Amidst the cornucopia of summertime festivals, there sits a juggernaut. That's North Sea Jazz, where a dozen performance spaces named after rivers around the world offer a sound garden of global delights. The full-tilt feast flows gloriously during the second full weekend of July in a wild spectrum of musical royalty, rare improvisation and precise calculation.

The festival's relocation from The Hague in 2006 proved to be a prescient move, as the constantly upgrading city of Rotterdam has grown out of nearby Amsterdam's shadow. It's no exaggeration to claim that in relative terms of powerful performances or artistic quality over a 72-hour period, few other gatherings in the jazz genre come close. This year's edition kept that impressive tradition intact.

The Ahoy complex, which sits approximately five miles from center city, adapts a vibrant, pulsing personality all it's own. As tens of thousands of visitors inhabit multiple halls in a structure that's generally a conference and concert hub, it wouldn't be inaccurate to annex the setting into a Dutch suburb called Jazz Town.

The program is always massive. There are usually at least ten performances during the same time frame, so it's impossible for someone to witness every treat individually.

What follows are some of the acts AAJ was lucky enough to catch, for varying intervals, throughout the weekend. Every one of them was worth sticking around for an entire set. Musical abundance, thy name is North Sea.

Robert Glasper's R+R project featured a stellar line-up that included Terrace Martin (keyboards, vocoder, saxophone), Christian Scott (trumpet), Taylor McFerrin (keys, vocoder electronics), Derrick Hodge (bass) and Justin Tyson (drums).

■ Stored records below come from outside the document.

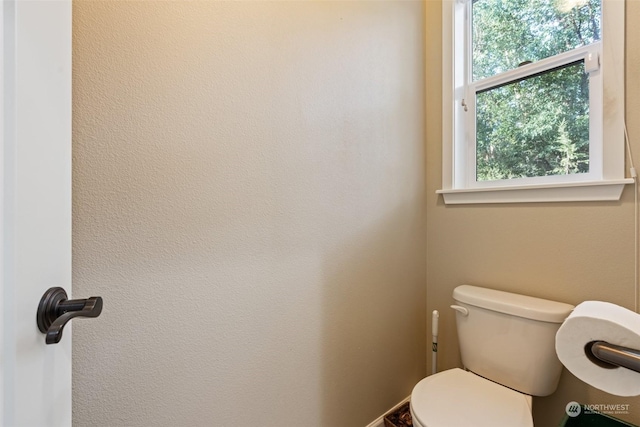 bathroom featuring toilet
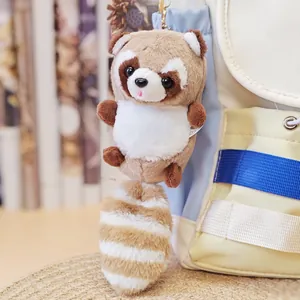 Nahaufnahme eines niedlichen Waschbär Plüschanhängers an einem cremefarbenen Rucksack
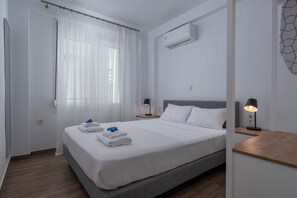 Et rent, moderne hotelværelse med seng, hvide gardiner, en aircondition, en senget lampe og et natbord i træ.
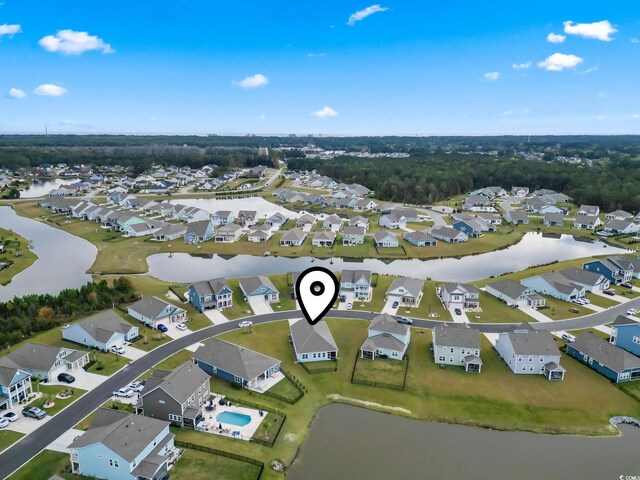 bird's eye view featuring a residential view and a water view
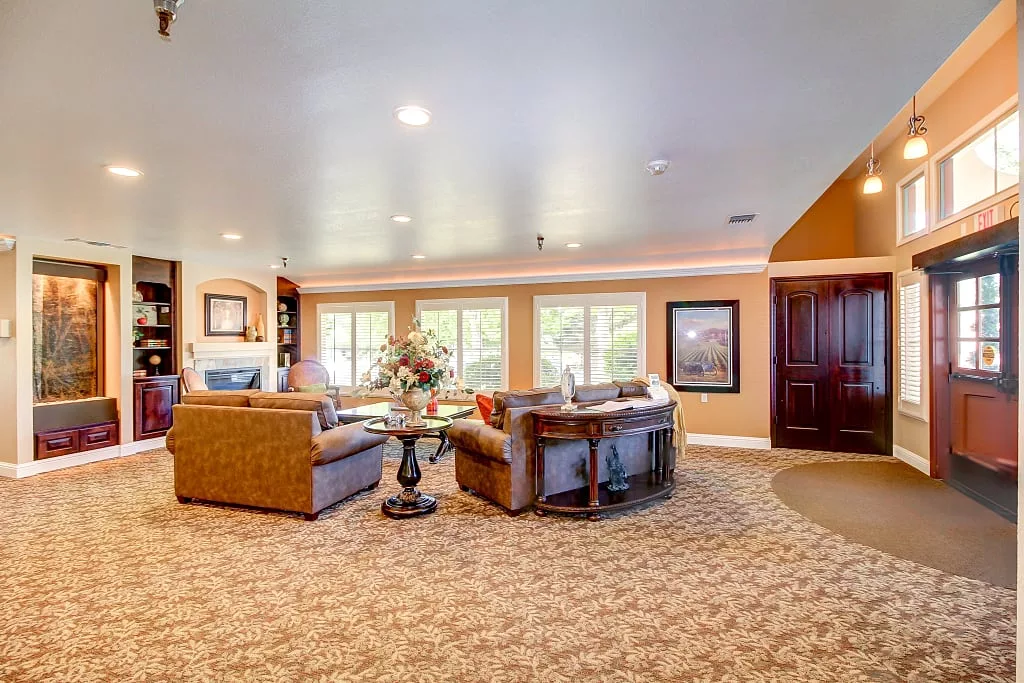 A spacious and bright living room with comfortable sofas, a central table, and large windows.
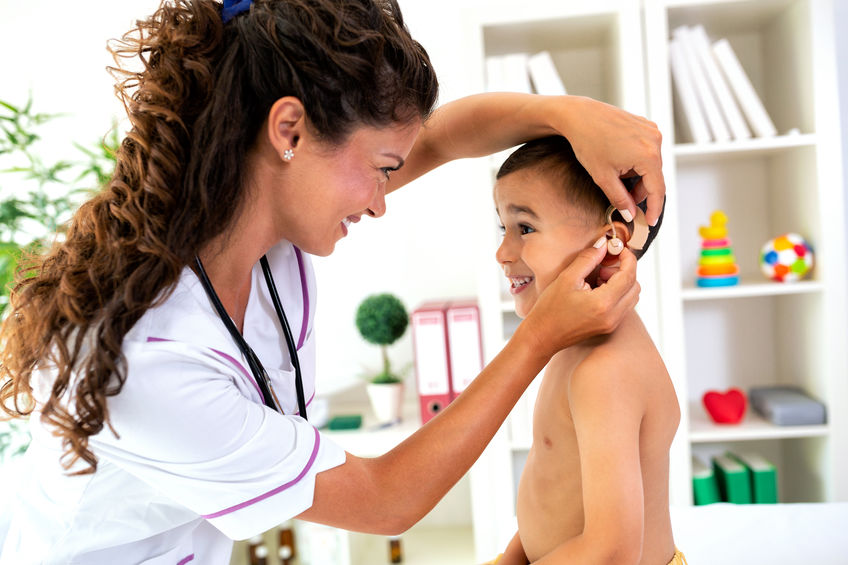 Little boy getting his hearing aids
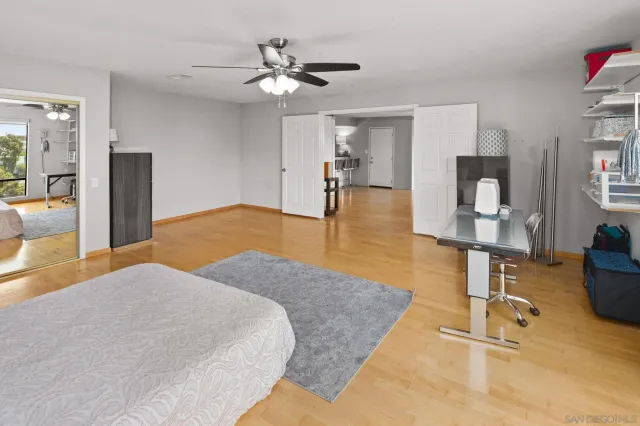 a bedroom with a bed and chandelier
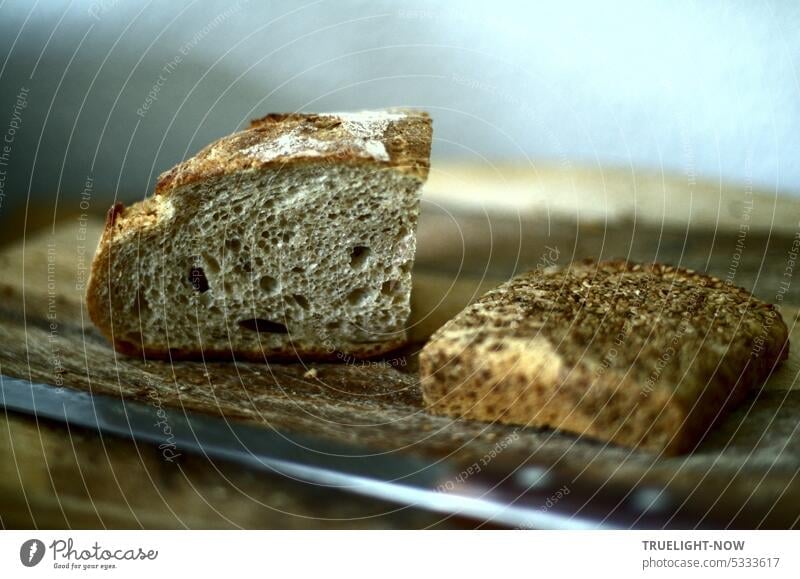 Zwei Stücke Brot mit langem Messer auf Holzbrett, Brote frisches Brot Bio-Brot Vollkornbrot Ciabatta italienisch französisch Landbrot Dinkelbrot Weizenbrot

Despite high temperatures inside the packed, humid tent-like structure deemed Congo, everyone stayed relatively cool. There was lots of lighthearted banter exchanged between Glasper's crew and the enthusiastic crowd. "We're very deep jazz musicians up here," he joked as they began a modified introduction to "Butterfly" by Herbie Hancock which opened a cocoon of switched pacing.

Martin keyed up warped vocal effects that encircled the steamy, tentlike venue deemed Congo. When Scott stepped up to center stage phone cameras appeared en masse to record his exquisite explorations. Glasper's thematic groove was exemplary but his first extended solo was a bit too loudly repetitive, stuck somewhere sticky between worthwhile improvisation and art for art's sake. It was deep, maybe too deep but most of the interplay between keys was just fine. Scott unwound any tangled overkill with sticky staccato breaks while Tyson and and Hodge held things down like a submarine beneath the surface.

Regardless of some minor snags, this band produced some of the festival's most unique experimentation. Few groups could match their unquestionable skills.

Marcus Miller has been around North Sea enough times that he can play the crowd almost as well as he can play the bass. His set featured a series of superb solos in a sixty minute highlight reel that kept a good percentage in a crowd of well over 5,000 people dancing throughout. Miller was accompanied by Alex Han on sax, Russell Gunn on trumpet, Brett Williams on keys and Alex Bailey on drums. As good as it gets.

In case Miller's funkathon wasn't enough of a showcase in the art of precision bass, Stanley Clarke offered a master class of his own with a pleasingly unusual lineup featuring Beka Gochiashvili and Beka Gochiashvili on dual keyboards, Shariq Tucker on drums and Nader Salar on tabla. As technicians, it's apples and oranges between Clarke and Miller, both offer equally sweet nectar for the ears.

Every year, the Paul Acket Award, named after the festival's founder, goes to an artist that according to the press release is "deserving wider recognition for their extraordinary musicianship." This year's prizewinner was pianist Kaja Draksler, who relocated to the Netherlands from Slovenia when she was eighteen, finding both a new home and some unusual musical pathways. She appeared with her octet (including Lennart Heyndels on bass and Onno Govaert on drums), but the project was obviously a newer taste that not enough listeners acquired.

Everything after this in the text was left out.